Bien qu’il ne s’inscrive pas parmi les lecteurs fidèles et enthousiastes du Journal, et que la lecture ne lui importe que pour satisfaire à ses nécessités, l’avocat avoue être entouré d’amis qui le lisent et qui lui font parvenir ce qui nourrit son intérêt personnel. La diffusion et le succès de la feuille de Paris sont tels, que même ceux qui ne le lisent pas sont soumis à une espèce de lecture passive, faite de récits qui circulent dans les cercles qu’ils fréquentent et de lectures occasionnelles, induites par leur entourage. Les deux modes de lecture du Journal se trouvent résumés, de manière comique, dans une lettre relatant le conflit d’un couple parisien dont la femme est éprise de théâtre, et donc des chroniques théâtrales du Journal de Paris, et dont le mari exaspéré consent à devenir souscripteur de la feuille, pourvu qu’il ne soit pas obligé de le lire :

‘Je suis un bon Parisien, par conséquent un bon mari.
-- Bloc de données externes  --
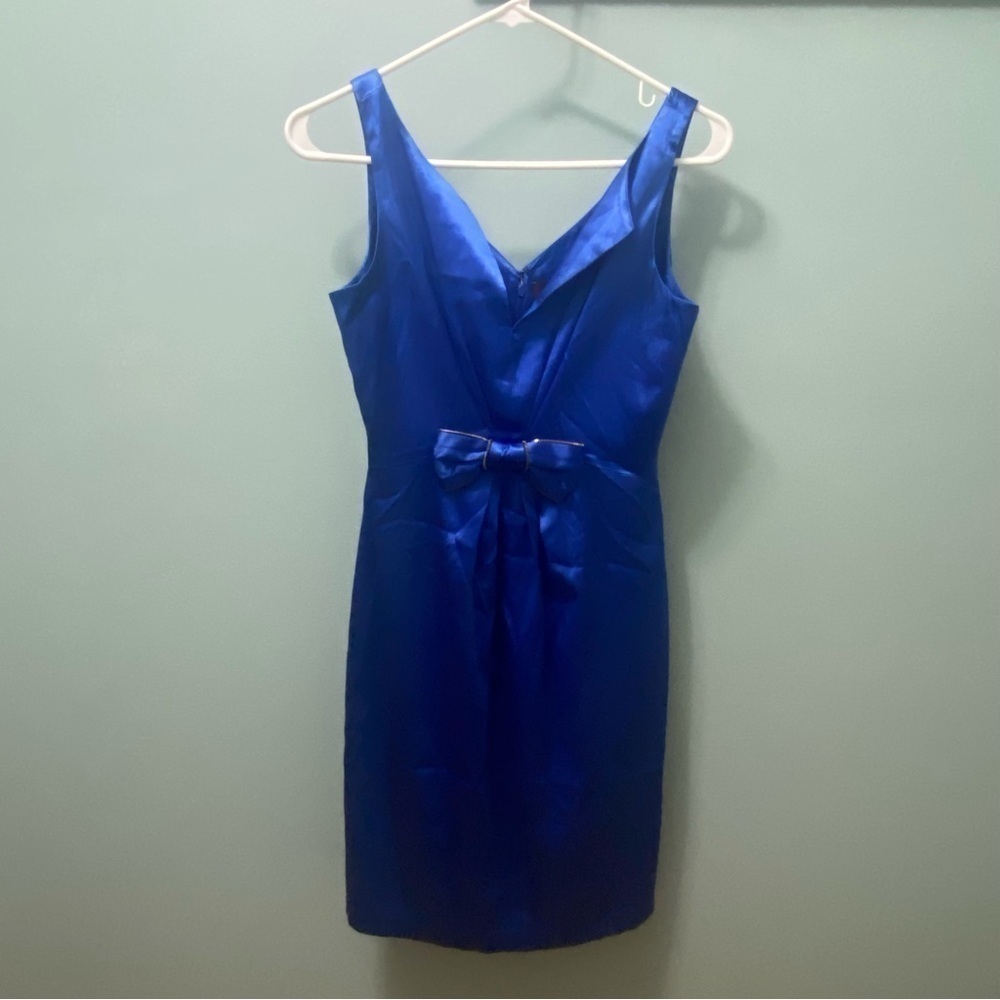 EVA Franco size 2 Royal blue dress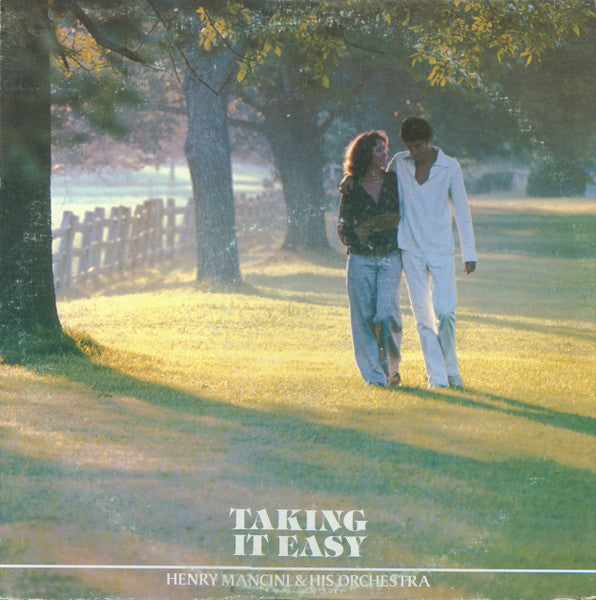 Henry Mancini And His Orchestra : Taking It Easy (LP, Album)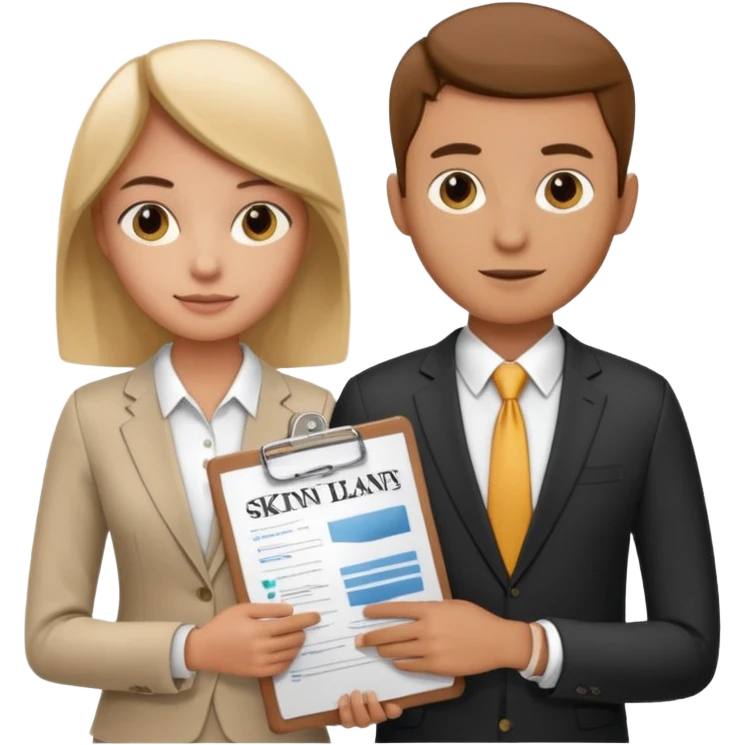 The differences between a leader and a manager emoji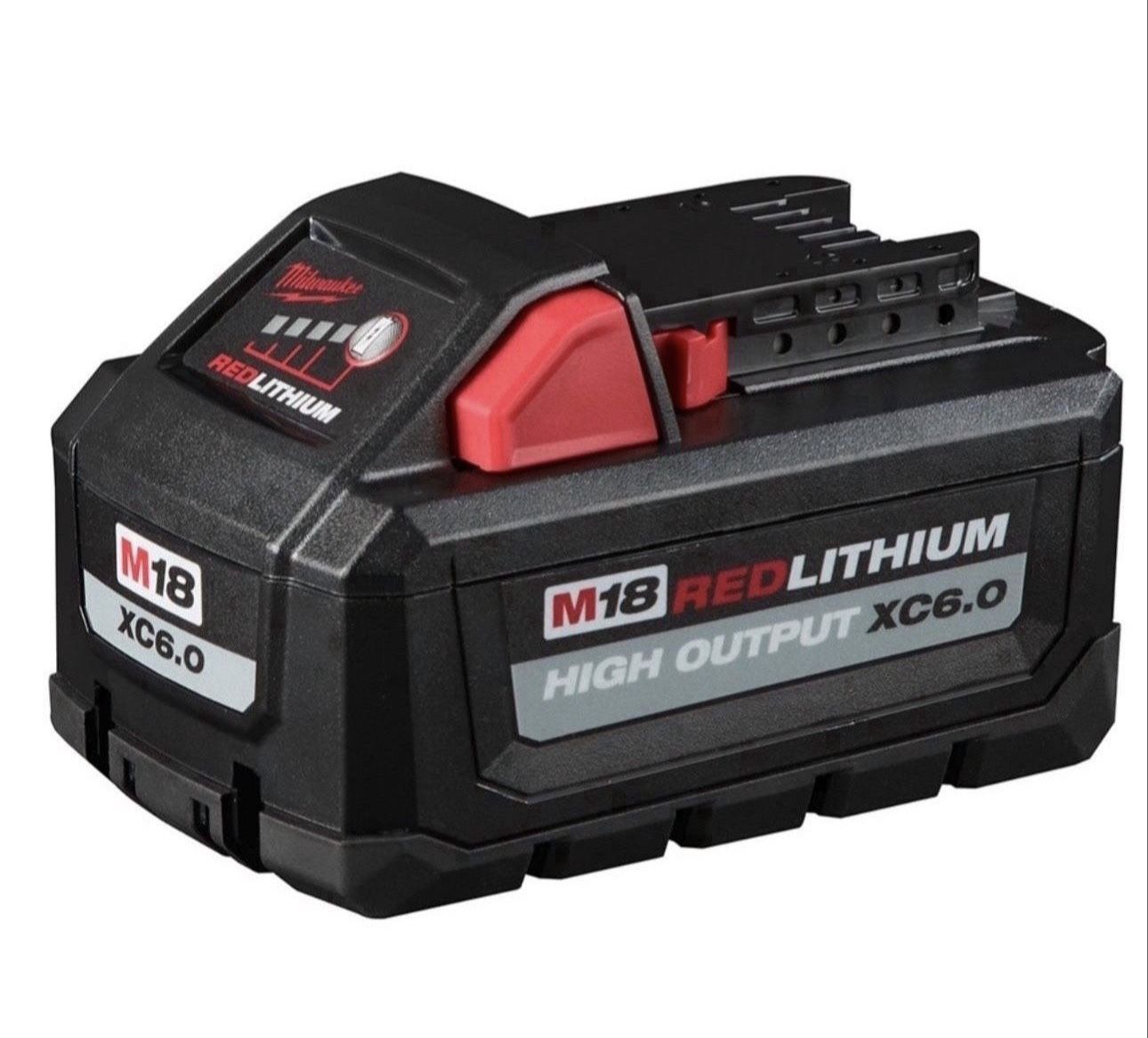 Milwaukee M18 XC6.0 Battery - New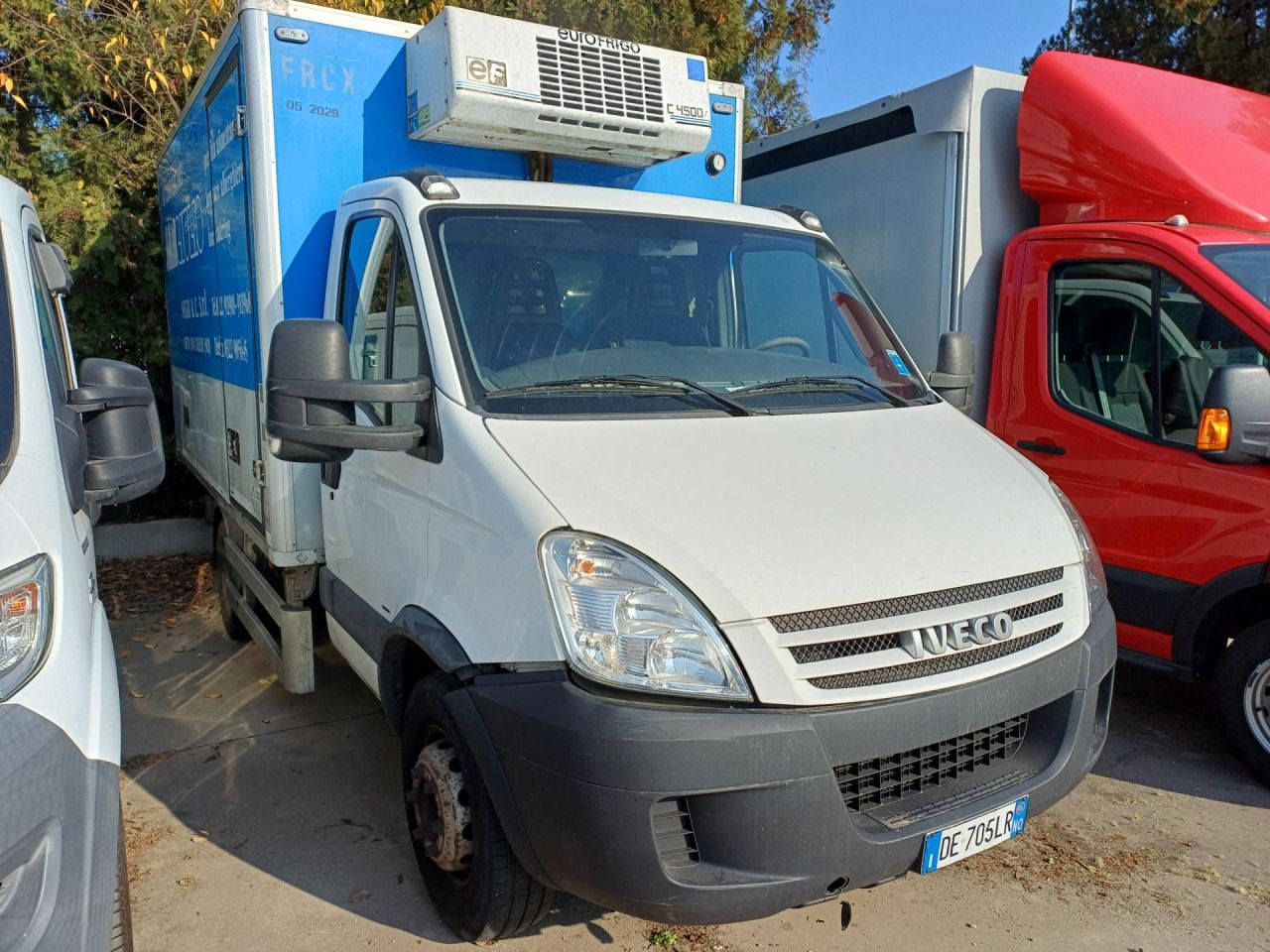 IVECO DAILY 60C15 MOTORE ROTTO - Малотоннажный рефрижератор: фото 2 IVECO DAILY 60C15 MOTORE ROTTO - Малотоннажный рефрижератор: фото 2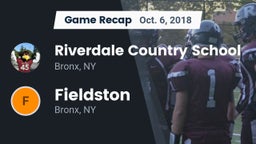 Recap: Riverdale Country School vs. Fieldston  2018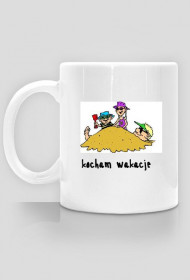 Kubek Kocham wakacje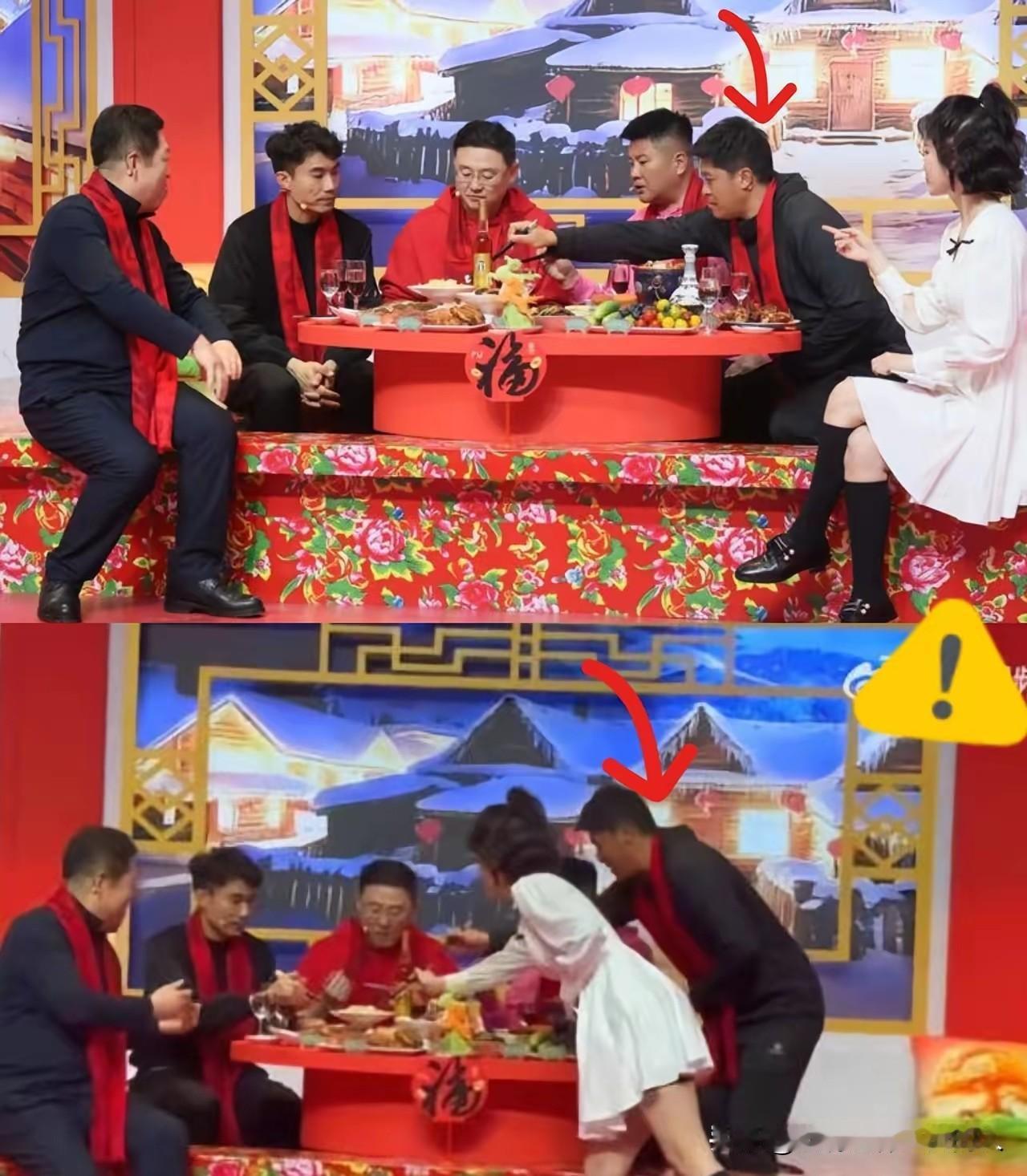 对于孙涛上辽宁卫视春晚彩排的事，你怎么看？

如果没有闫某的事情，上不上春晚根本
Envoyez-moi, s’il vous plaît, votre Journal. Pour moi, je ne lis que mes Lettres et le menu de mon dîner, je vous avoue bonnement que j’avais cru pouvoir m’en passer ; mais on m’assure que non, et je veux bien le payer, pourvu que je ne sois pas obligé de le lire (…)555.’

Même ceux qui lisent peu ou nullement ont le moyen ou l’occasion d’avoir accès au contenu du Journal, et finalement de s’y adresser directement. “Pierre Marchant”, qui a sauvé plusieurs personnes de la noyade, déjà présent par le récit de sa bravoure dans les pages du Journal, s’y adresse pour dénoncer un imposteur qui a pris son nom dans un article précédemment publié par le quotidien. Il admet d’emblée que sa lecture du Journal se fait par intermédiation : “‘ Je ne lis votre Journal, je ne sais pas même lire comme il faut ; mais celui du 14 de ce mois m’a été lu en ce qui me concerne ’”556.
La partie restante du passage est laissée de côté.